Christophe and Joshua, in many ways, are two peas in a pod who “watched out for each other: juggled each other’s excuses, finished one another’s lies, and generally kept one another out of trouble.” Christophe is thin, his muscles ropey, his eyes so brown they appear black. Joshua, the taller of the two, is heavier set, freckled, with full lips and a jutting round nose. Their personalities diverge even more than their physical attributes. Christophe, “quick, hot-headed, trigger-tempted,” with “slow-smoldering anger,” charges head-first into the world. While Joshua hangs back a little, contemplating his next move, a slow deliberator guided by the “occasional quick, glancing, irrational recklessness.” The twins are most in sync on the basketball court, where they dominate their opponents while exchanging secret signals.

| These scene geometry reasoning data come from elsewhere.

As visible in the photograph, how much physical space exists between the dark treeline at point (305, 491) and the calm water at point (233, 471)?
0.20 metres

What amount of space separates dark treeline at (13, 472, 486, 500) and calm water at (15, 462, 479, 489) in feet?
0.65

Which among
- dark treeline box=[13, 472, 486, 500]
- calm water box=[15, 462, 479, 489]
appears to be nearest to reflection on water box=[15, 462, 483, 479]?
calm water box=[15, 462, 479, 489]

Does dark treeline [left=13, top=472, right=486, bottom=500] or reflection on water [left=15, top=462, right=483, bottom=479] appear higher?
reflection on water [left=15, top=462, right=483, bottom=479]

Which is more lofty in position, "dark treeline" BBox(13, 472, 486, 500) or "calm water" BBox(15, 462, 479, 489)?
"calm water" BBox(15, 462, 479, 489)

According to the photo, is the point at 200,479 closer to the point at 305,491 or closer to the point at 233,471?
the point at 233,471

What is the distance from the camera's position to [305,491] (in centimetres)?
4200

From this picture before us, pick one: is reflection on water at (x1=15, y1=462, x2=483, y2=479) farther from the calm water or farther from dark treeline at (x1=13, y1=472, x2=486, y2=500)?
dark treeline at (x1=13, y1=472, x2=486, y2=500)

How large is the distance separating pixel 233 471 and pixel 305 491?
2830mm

On the day of their high school graduation, the brothers wonder whether their mother, Cille, the manager of a beauty supply store in Atlanta, will make an effort to drive down to attend the ceremony, and whether their estranged, drug-addicted father Samuel, otherwise known as “Sandman,” might ever find his way back to Bois Sauvage. In the meantime, the boys are surrounded by the love of their grandmother, cousins, aunts, uncles and friends – a tight-knit community that has celebrated their every milestone, and will catch them should they falter.

After hanging up their graduation caps, Christophe and Joshua must find work to make up for the cash Cille will no longer be sending Ma-mee to support them. The pickings for employment in Bois Sauvage and the neighboring town of St. Catherine are slim, and many of their job applications lead to dead ends. Though greater economic opportunities await elsewhere, they refuse to abandon Ma-mee, whose declining health roots her to Bois Sauvage. “She’d spent her entire life working for one rich white household or another to earn money to feed them, dressing them when they were younger in clothes her employers had given her to take to the Salvation Army, providing for them the best she could. Now it was their turn.”

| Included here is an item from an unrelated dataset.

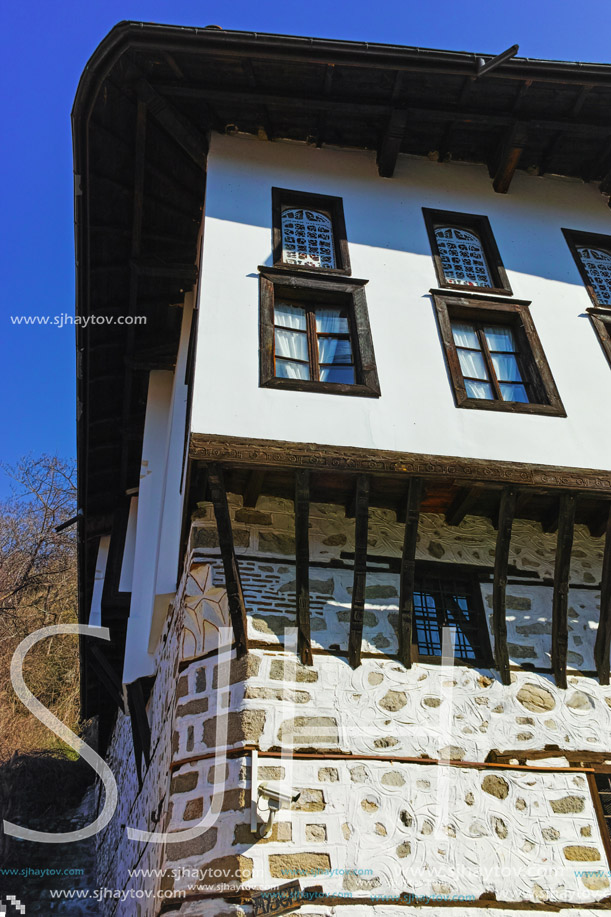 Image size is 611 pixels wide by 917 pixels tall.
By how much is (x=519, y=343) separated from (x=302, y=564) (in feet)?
8.75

Tensions mount between the brothers when Joshua is offered a job at the pier and Christophe isn’t. The work is grueling and though he is desperate to help keep the household financially afloat, Joshua envies his brother’s lazy summer days. “He woke up each morning drained, and the brutal monotony of the work at the pier stunned him. Something about it felt insulting and wrong. He was jealous and would often not speak to his brother on the way to work, disgusted by the fact that Christophe would spend his day chilling at the park.”

Christophe, frustrated by his lack of employment prospects, considers dealing weed for their older cousin Dunny. It’s the first time his plans for himself begin to veer so far off the track. “He dreamed things, worked for them and they happened. He’d assumed this would continue after he graduated, that there existed steps to his life… The idea of a legitimate job had existed as an absolute in his head. It was the fulcrum upon which the bar of his dreams balanced.”

The growing pains of their fraternal bond reflect the unsparing sticky summer heat of the green lowlands and red clay earth. The question that meanders through the narrative, much like the muddy waters of the Mississippi, is this – at the cusp of adulthood, will the brothers continue to flow together or split like the river as it spills into the Gulf?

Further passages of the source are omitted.